後是,中共中央總書記趙紫陽用具體事實加以推翻。“八九”民運之後,我出席省人民代表大會,會上傳達檔(?)批判趙紫陽的錯誤言論,作傳達的人氣急敗壞地揭發道:“趙紫陽說:‘什麼是社會主義?誰也說不清。’難道真的說不清嗎?”這時我們代表們都沒有出現傳達人所期待的同仇敵愾,而是面面相覷,互相交頭接耳,嘁嘁喳喳(其中不乏省、地、縣、鄉各級的領導人和教授、專家、學者等等飽學之士):“你能說清嗎?”“我不能。”“你能說清嗎?”“我也不能。”……就這樣渾渾噩噩地搞了三十年“科學”社會主義!現在如夢初醒,“到底社會主義是什麼玩意?”好吧!讓我們來聆聽傳達人怎樣界定“社會主義”吧!不期,仍是讓我們撲了空。還是後來鄧小平南巡時才亡羊補牢、後補出個說法。從此大家便奉為社會主義的經典定義。
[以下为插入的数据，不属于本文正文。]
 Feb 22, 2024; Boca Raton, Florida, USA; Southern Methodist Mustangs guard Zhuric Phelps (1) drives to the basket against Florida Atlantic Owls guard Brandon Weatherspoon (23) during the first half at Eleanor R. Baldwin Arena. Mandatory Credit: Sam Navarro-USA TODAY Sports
在趙紫陽的話說過之後,發生了蘇東劇變,共產主義腥風血雨的這一頁歷史,便被基本上給掀過去了。只有中國還在垂死掙扎,還在對馬克思主義這匹馬,“死馬當做活馬醫”。被洗腦幾十年才灌進去的那句謊言: “只有社會主義才能救中國”,現在變成了一句主賓顛倒、冷嘲熱諷的風涼話:“只有中國才能救社會主義”!
讓我們來看看,現在大肆鼓而噪之的 “中國特色社會主義”和“社會主義民主” 、被剝光了外衣之後,倒是個什麼東東?前中宣部部長朱厚澤,用八個字把它們的外衣剝個精光,曰:“既不‘社會’也不‘民主’。”這簡直就像《安徒生童話-皇帝的新衣》裏那個小孩一樣,指著光屁股的皇帝說:“他什麼也沒穿呀!”
朱厚澤用樸素直率的語言,對這八個字作了如下說明:(原文不長,曉暢易懂,另加解釋都是多餘的。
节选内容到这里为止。